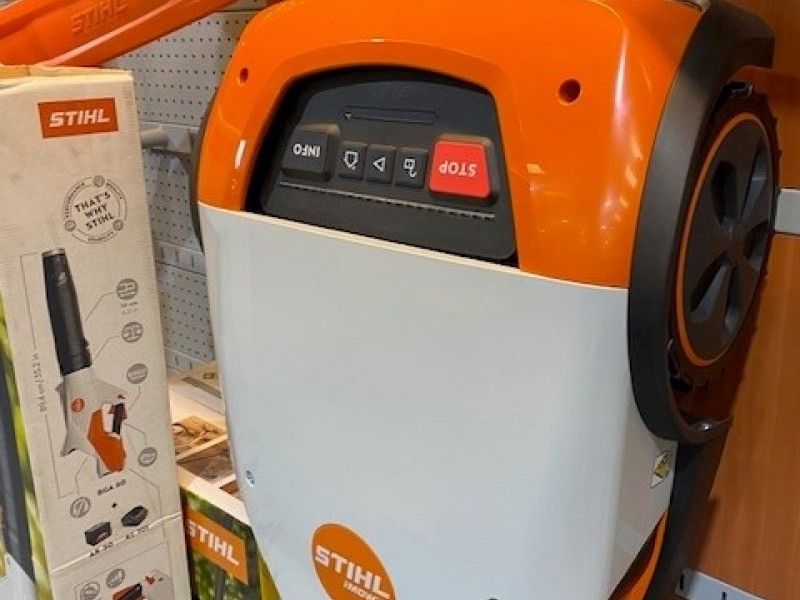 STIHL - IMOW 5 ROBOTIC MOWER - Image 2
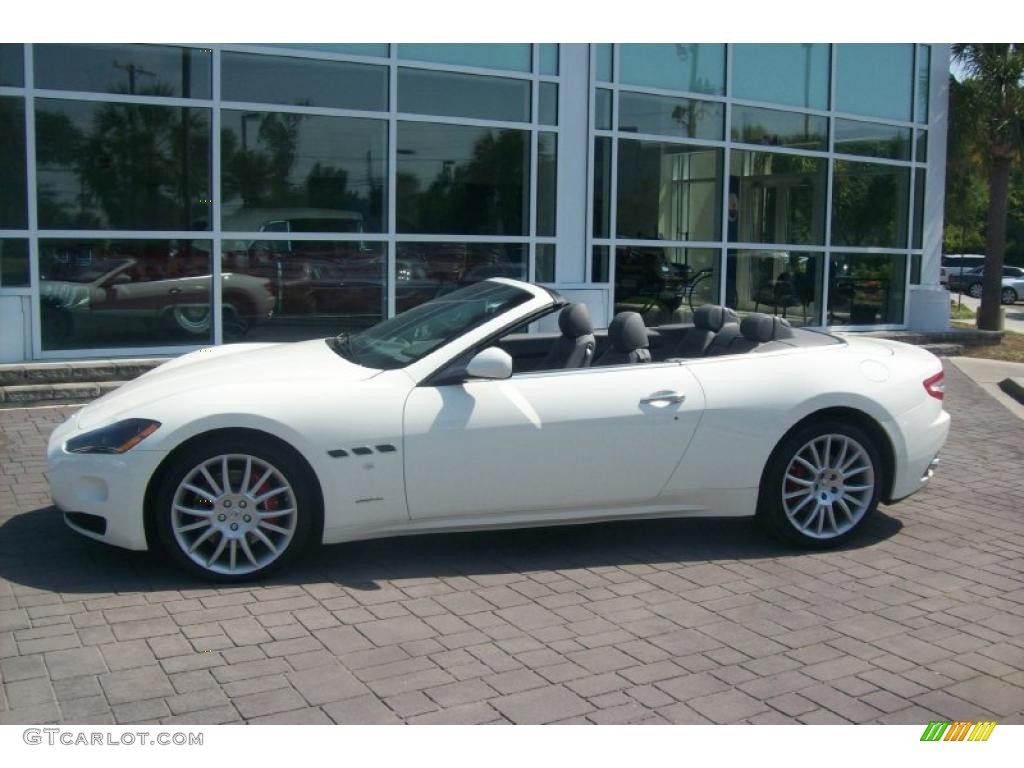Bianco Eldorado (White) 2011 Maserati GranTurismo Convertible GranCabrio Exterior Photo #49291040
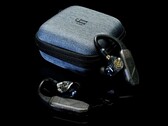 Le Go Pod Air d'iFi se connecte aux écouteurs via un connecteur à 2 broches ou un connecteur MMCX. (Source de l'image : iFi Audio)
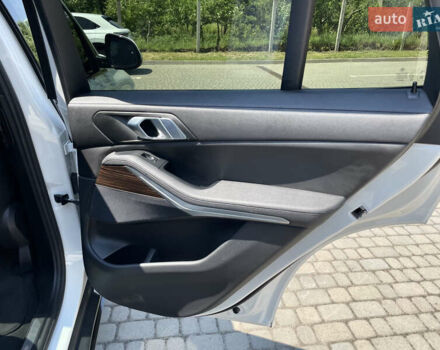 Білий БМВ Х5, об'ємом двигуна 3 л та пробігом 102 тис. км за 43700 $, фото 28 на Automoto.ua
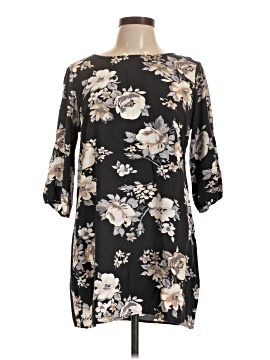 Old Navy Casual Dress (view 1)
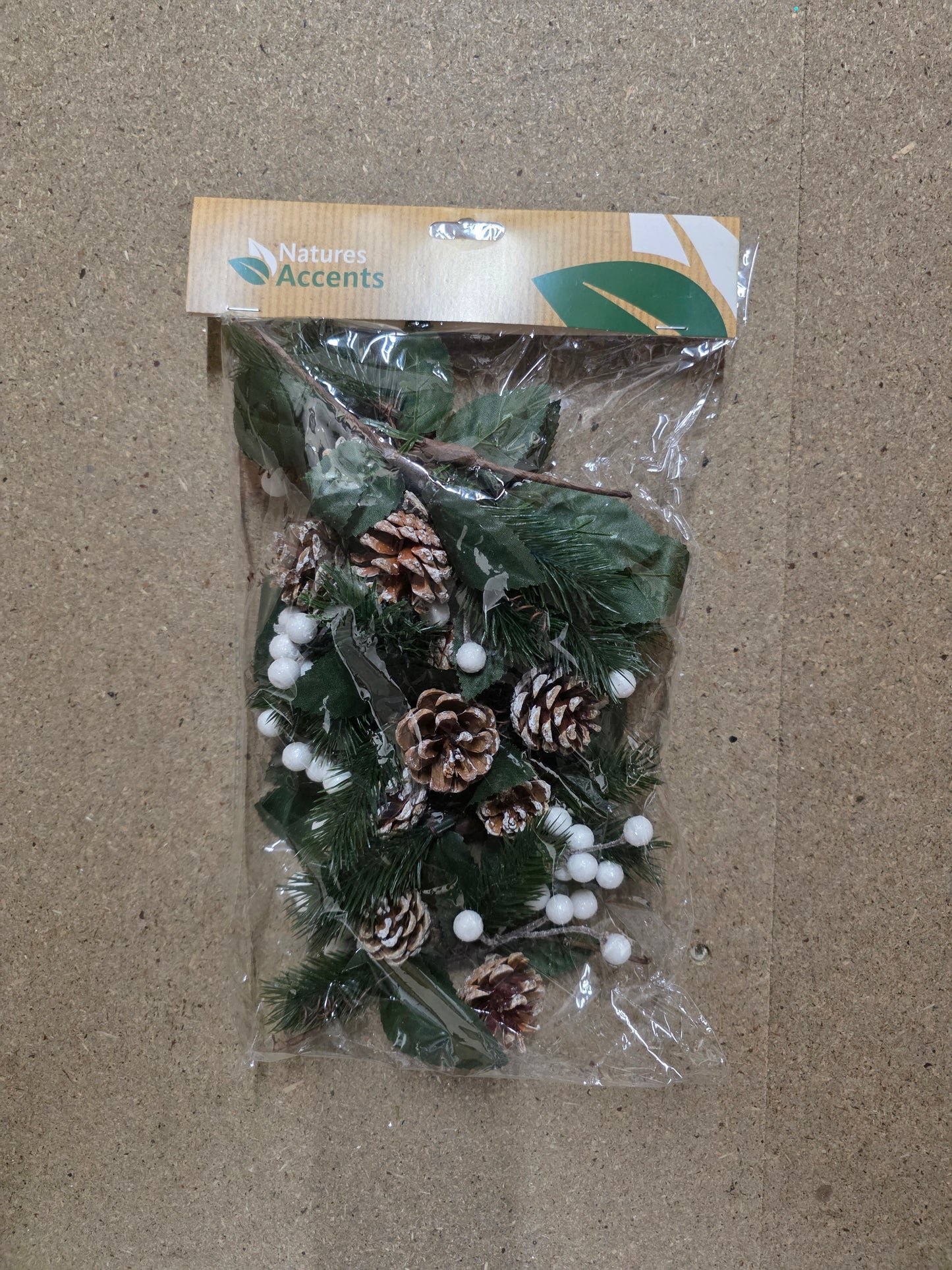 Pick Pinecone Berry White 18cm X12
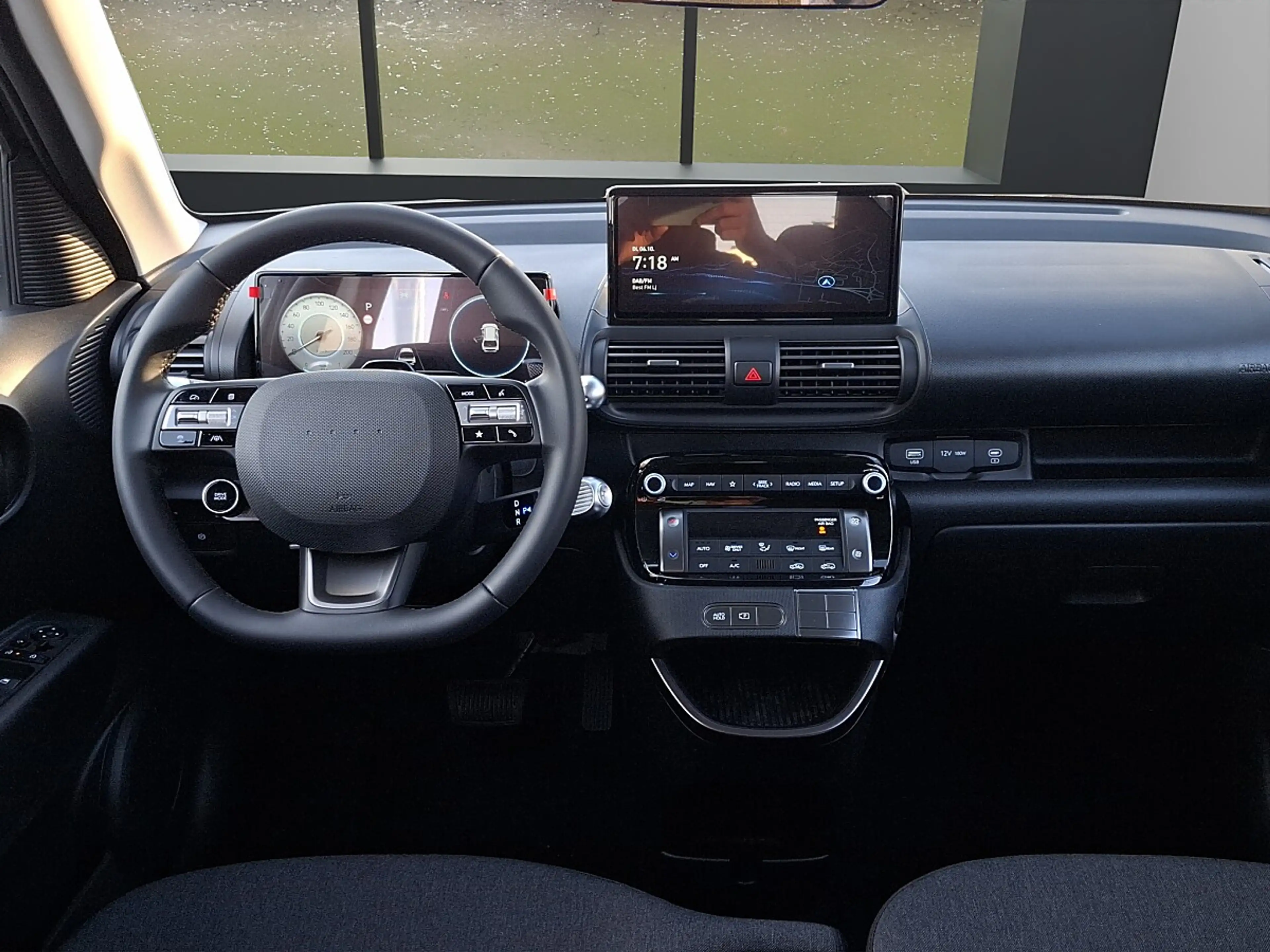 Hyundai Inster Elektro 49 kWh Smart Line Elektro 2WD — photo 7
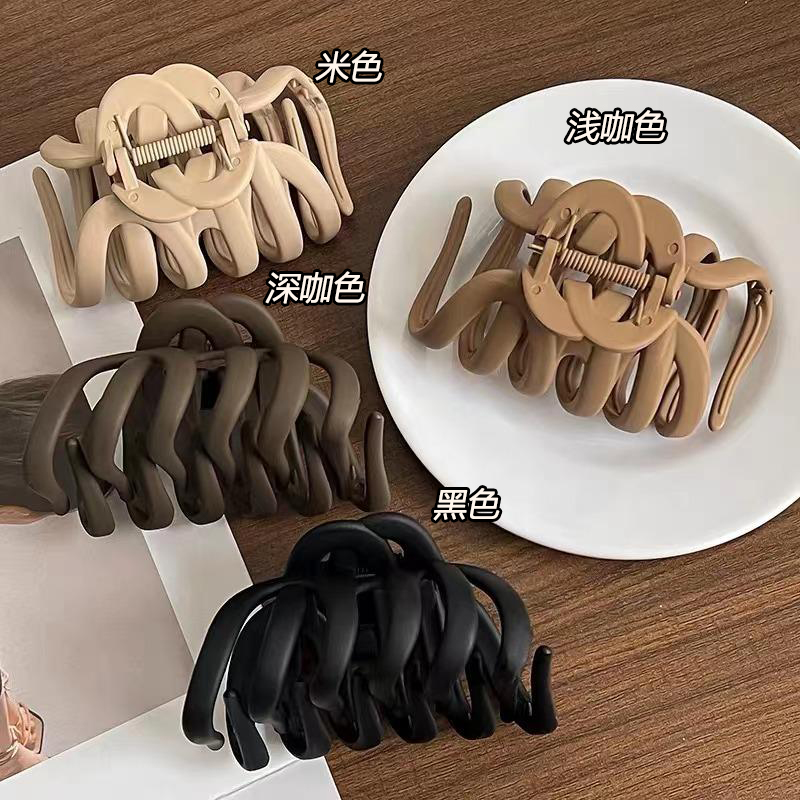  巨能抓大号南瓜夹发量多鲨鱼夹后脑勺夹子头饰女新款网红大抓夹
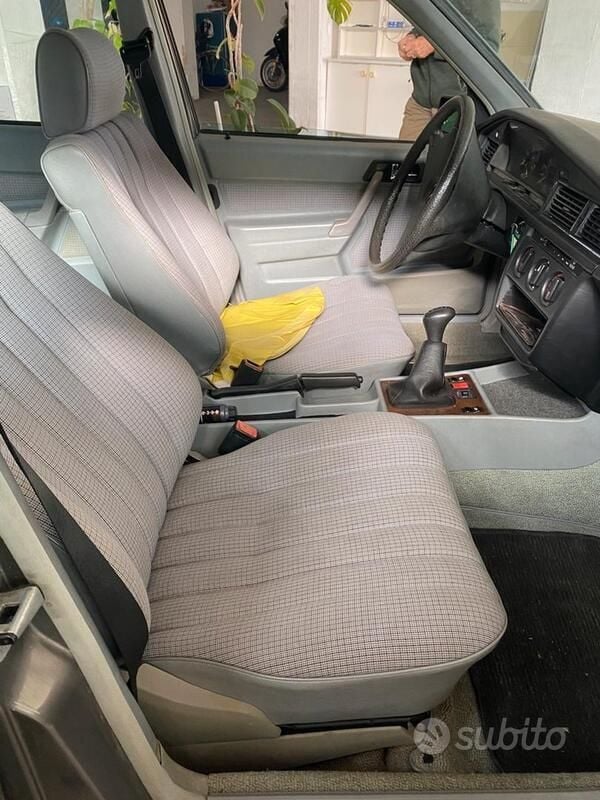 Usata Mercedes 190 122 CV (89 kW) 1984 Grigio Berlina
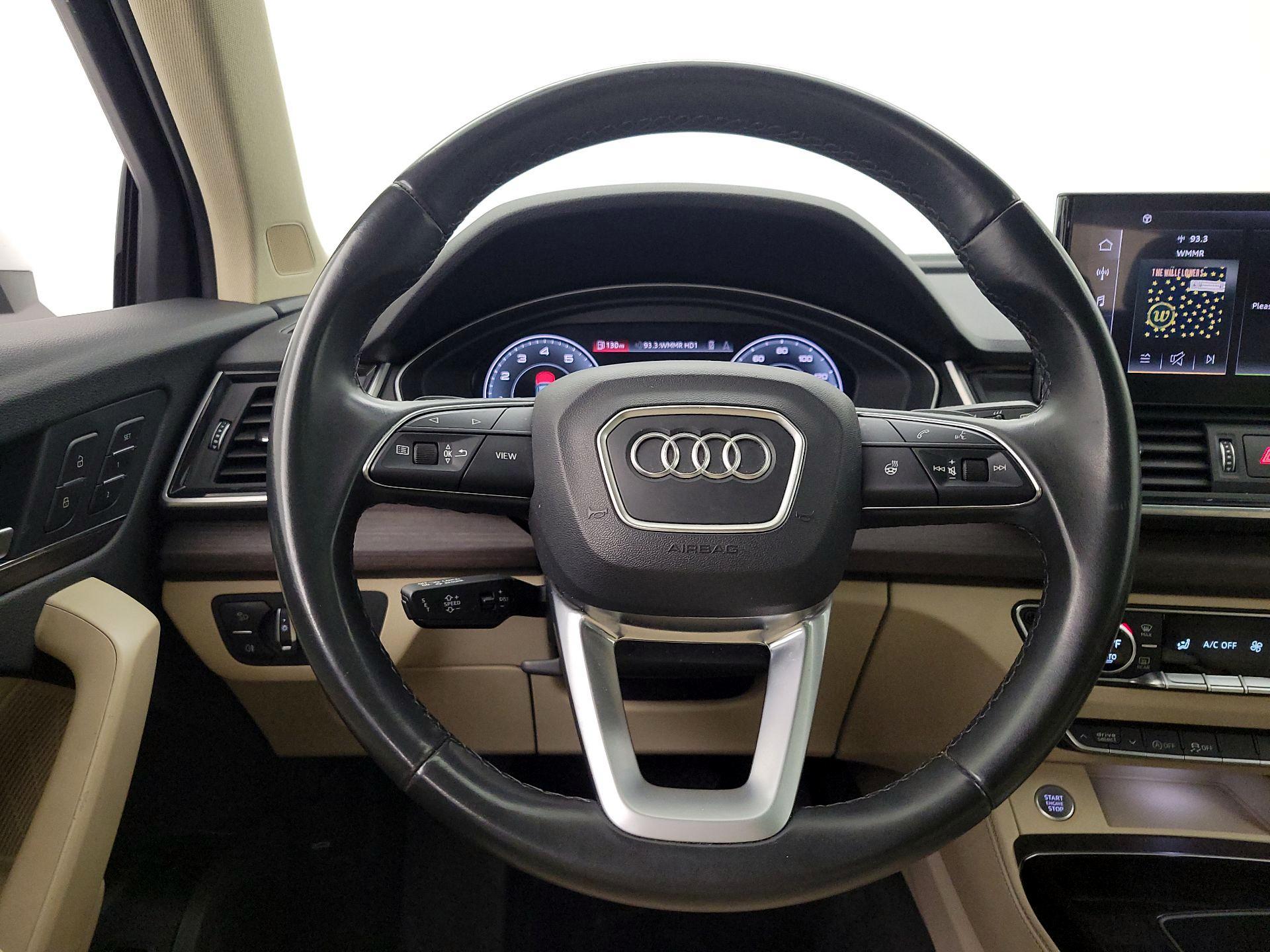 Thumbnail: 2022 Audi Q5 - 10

^^^^^^^^^^^^^^^^

■ YOUR GOAL
Leave out the pictures and return every record word for word.

■ RESULT BELOW
 STIHL - IMOW 5 ROBOTIC MOWER - Image 2
Bianco Eldorado (White) 2011 Maserati GranTurismo Convertible GranCabrio Exterior Photo #49291040
 Le Go Pod Air d'iFi se connecte aux écouteurs via un connecteur à 2 broches ou un connecteur MMCX. (Source de l'image : iFi Audio)
 Білий БМВ Х5, об'ємом двигуна 3 л та пробігом 102 тис. км за 43700 $, фото 28 на Automoto.ua
 Old Navy Casual Dress (view 1)
 Pick Pinecone Berry White 18cm X12
 Hyundai Inster Elektro 49 kWh Smart Line Elektro 2WD — photo 7
  巨能抓大号南瓜夹发量多鲨鱼夹后脑勺夹子头饰女新款网红大抓夹
 Usata Mercedes 190 122 CV (89 kW) 1984 Grigio Berlina
 Thumbnail: 2022 Audi Q5 - 10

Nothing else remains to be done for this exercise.